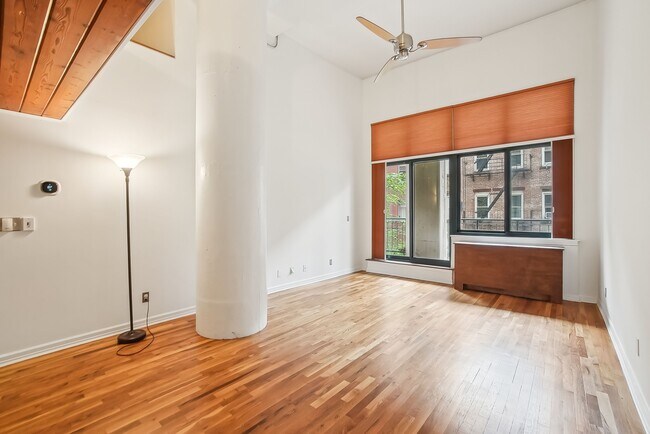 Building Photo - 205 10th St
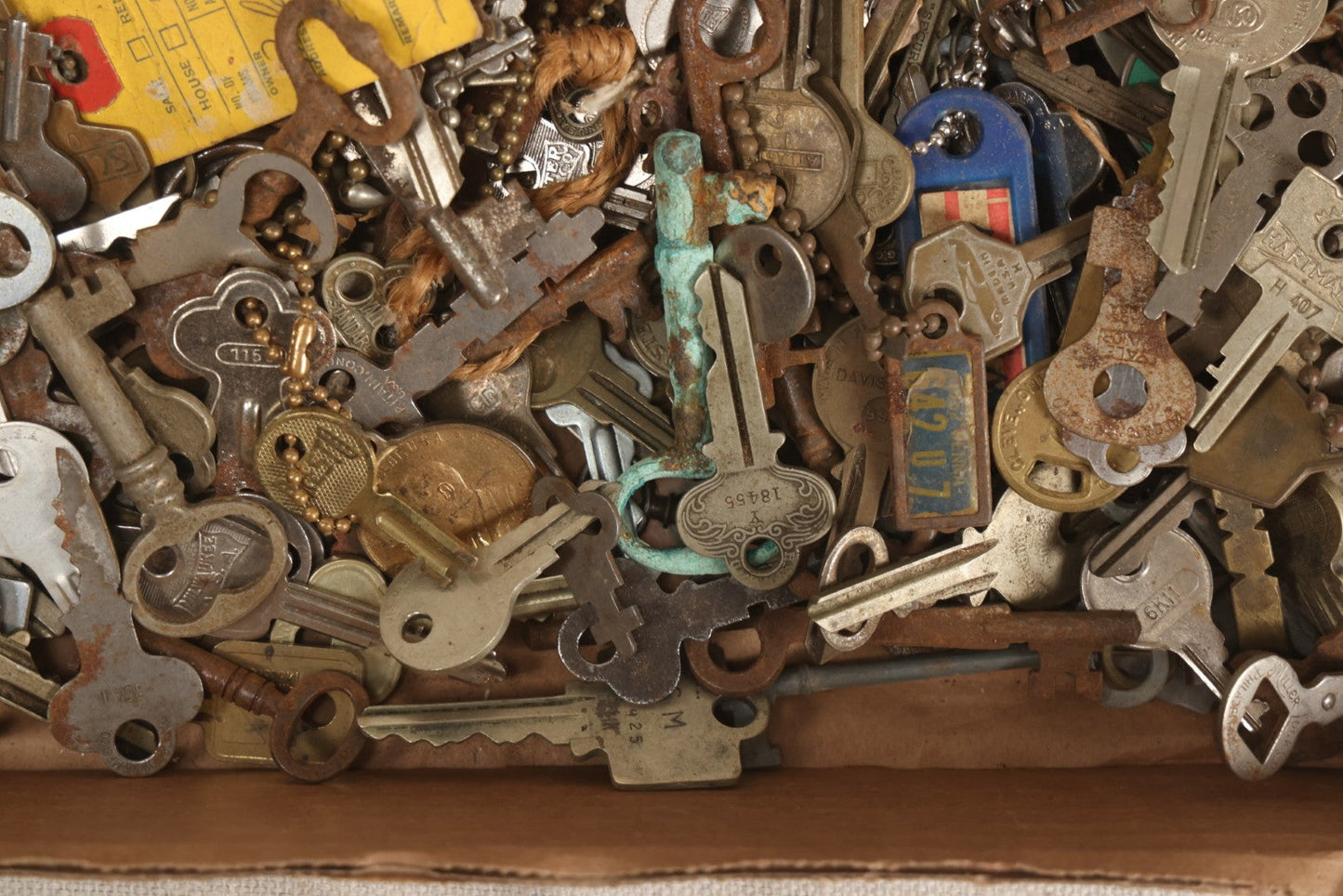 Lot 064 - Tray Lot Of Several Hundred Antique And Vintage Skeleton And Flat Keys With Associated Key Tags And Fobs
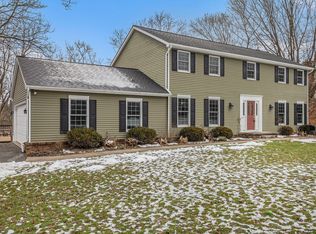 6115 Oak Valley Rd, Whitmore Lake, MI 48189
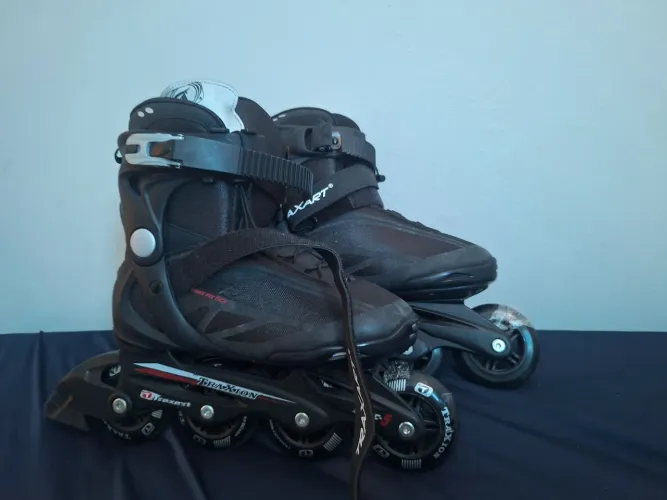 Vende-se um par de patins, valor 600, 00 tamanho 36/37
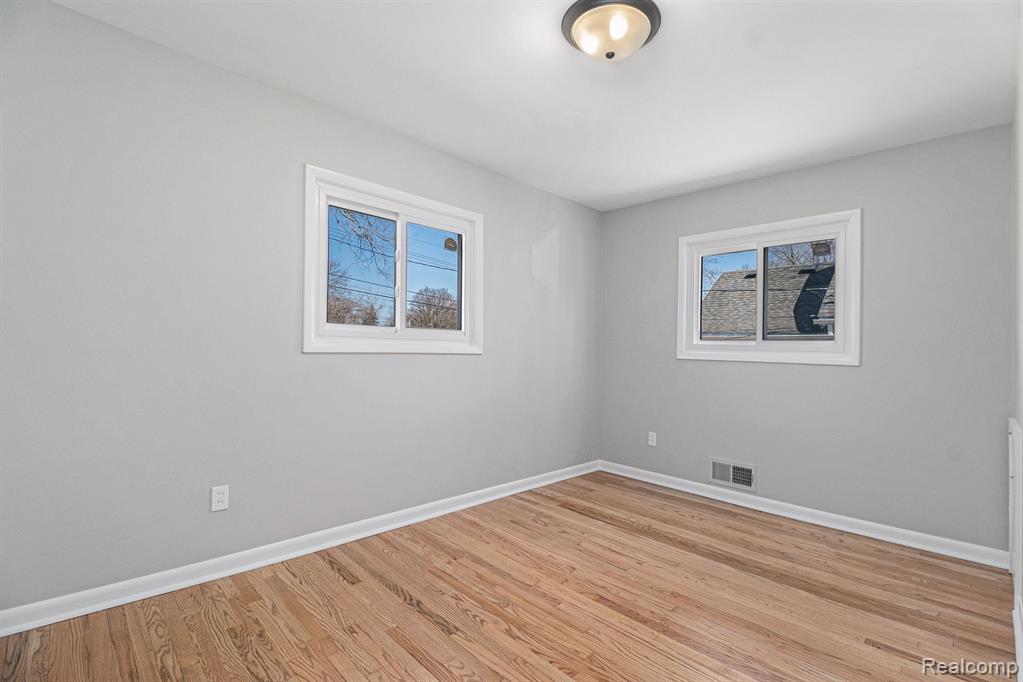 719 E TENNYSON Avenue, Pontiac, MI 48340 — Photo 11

--

What needs to be done:
Each line from the one with "Vende-se um par" through the end of the entries should be reproduced exactly. Leave out the pictures.

Output below:
 Vende-se um par de patins, valor 600, 00 tamanho 36/37
 719 E TENNYSON Avenue, Pontiac, MI 48340 — Photo 11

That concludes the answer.